La structure lexicographique, outre qu’elle morcelle la narration, permet à l’auteur de glisser aisément des digressions qui invitent dans le récit tantôt la poésie, l’aphorisme, ou l’exposé scientifique. La profession du narrateur est prétexte à la convocation d’une multitude de concepts mathématiques et de physique quantique qui deviennent, sous la plume d'Hubert Haddad, de pures pièces poétiques… L’on remonte vers le Big Bang en croisant les années-lumière, les équations, les naines blanches, trous noirs et autres cordes girant autour de la mystérieuse Azralone sans sourciller, les yeux agrandis par le plaisir littéraire – presque sûr, de surcroît, que l’on a bien saisi ce qui est scientifiquement avancé concernant la naissance de l’univers…
Tout cela distillé de cette écriture si particulière qui se plaît aux références subreptices et aux allusions, qui tout d’un coup fait basculer la prose narrative dans la féerie métaphysique, et qui excelle à semer des écueils à la faveur de brèves interrogations par lesquelles se fissurent insensiblement les perceptions.

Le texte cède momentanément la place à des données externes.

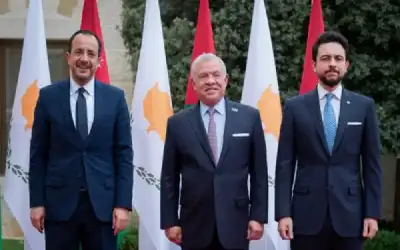 الملك للرئيس القبرصي: خلق الظروف لتهجير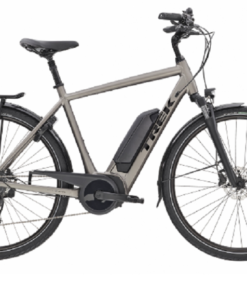 Vélo de Ville Électrique Trek VERVE+ 2 Shimano Altus 9V 400wh Argent 2023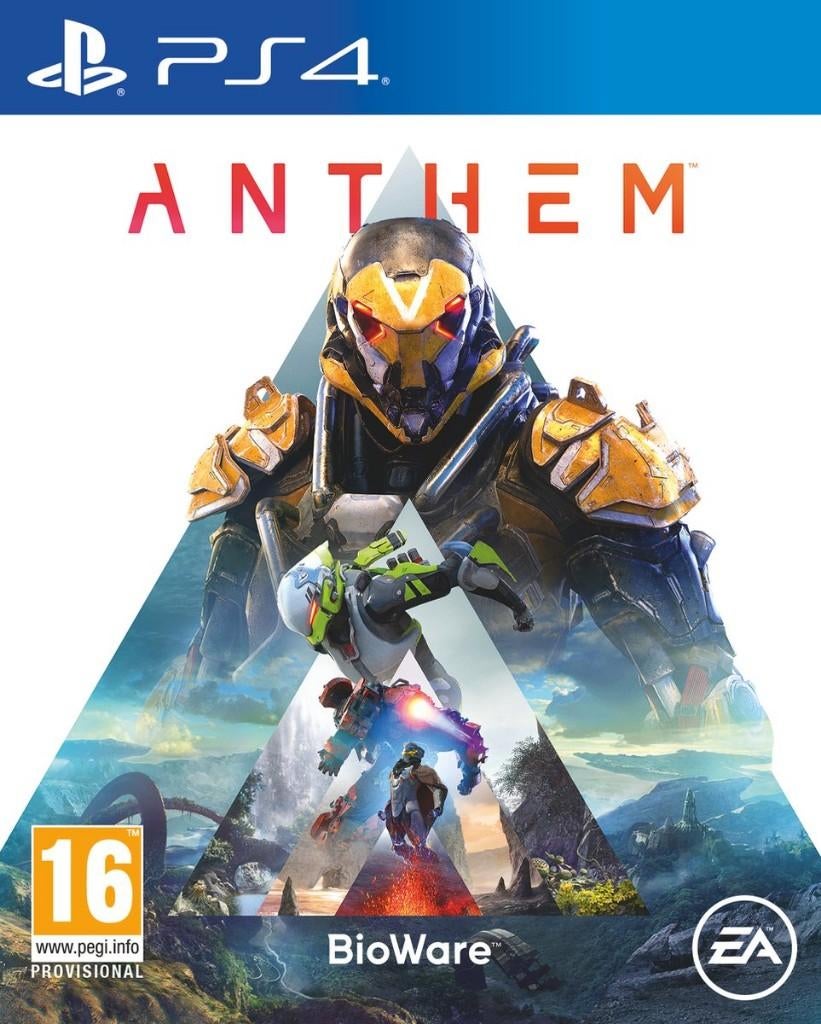 PS4- Anthem (Sealed), Verzenden, Nieuw, Eén computer, 3 spelers of meer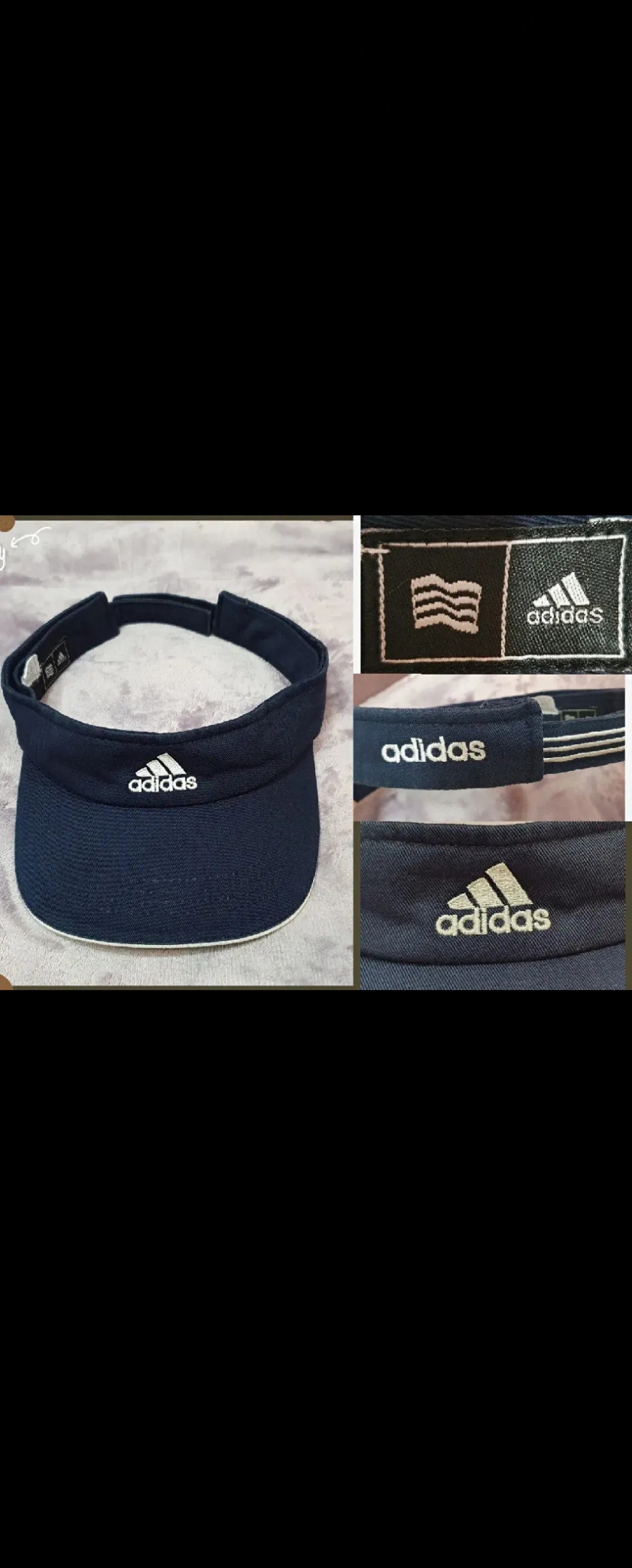 남녀공용 아디다스 썬바이저 골프캡모자 여름썬캡모자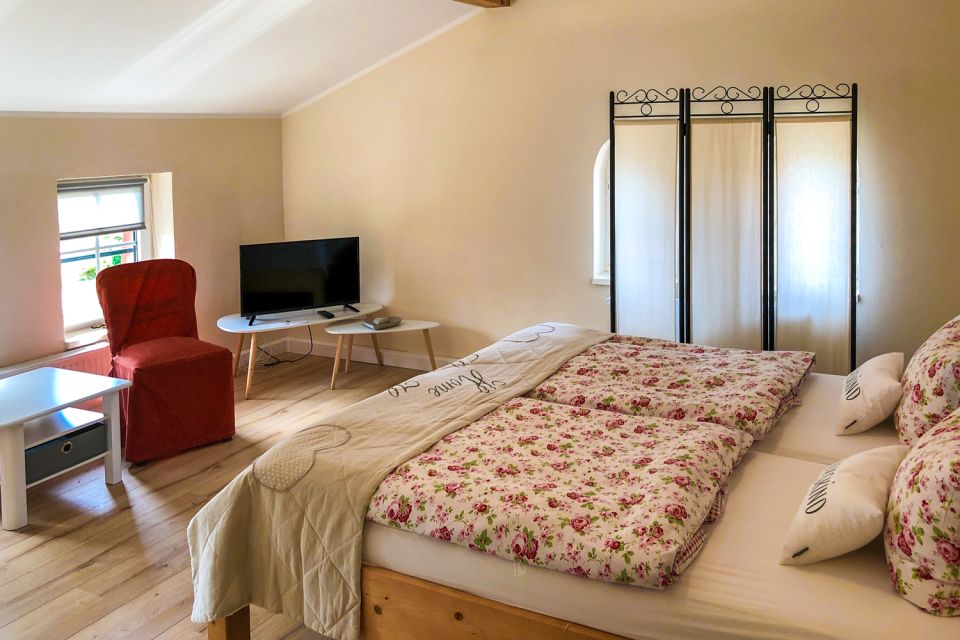 Schlafbereich, Foto: Michael Mattke, Lizenz: Zimmervermietung Preuß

Parti de l’ABANDON – la situation initiale du narrateur, et s’achevant à ZWITTER – un patronyme dont il serait malhabile de révéler s’il s’agit ou nom de celui que ledit narrateur a tant cherché – cet étonnant monument littéraire se clôt à la manière des meilleures nouvelles à chutes auxquelles les derniers mots cousent la bouche tout en l’ouvrant sur une exclamation muette dont la stridence remet radicalement en cause ce que l'on vient de lire – le comble de la déstabilisation!

Époustouflant par sa forme, vertigineux par ses longues plages d’exposés scientifiques présentés avec un art tel que leur dimension poétique et onirique saisit à l’instant où on les lit, L’Univers conduit aussi le lecteur au bord des gouffres où les certitudes vacillent, disparaissent et cèdent la place aux reflets dansants de l'extase mystique et du questionnement identitaire. Sans lui faire oublier tout à fait qu’il est en terre de fiction…
Pourvoyeur de chimères et conscient de l’être, le romancier a sa mallette d'artifices toujours bien ouverte pour y puiser de quoi étourdir son lecteur – le fasciner, l’étonner… bref, l’attirer en ses rets pour lui faciliter le songe. Il a sa science des mots pour se jouer de qui le lit, et le sphinx ses énigmes pour se jouer de l’Homme.
Mais la seule énigme est d’être, et nous ne cessons de choir dans l’abîme à la moindre réponse. répond aux agaceries sphyngiennes notre narrateur sans mémoire qui, à chacune des entrées ouvertes dans ce dictionnaire glisse, sous une forme ou une autre, allusive ou d’une transparence pareille à celle d’une parfaite larme de cristal, une clé, quelque phosphène – poétique, philosophique, quantique, cabalistique… – ramenant en définitive le propos au mystère fondamental qui contient toutes les interrogations humaines et excède sa propre énigme : le mystère de l’apparition et le scandale de la disparition (formulation empruntée à l’auteur).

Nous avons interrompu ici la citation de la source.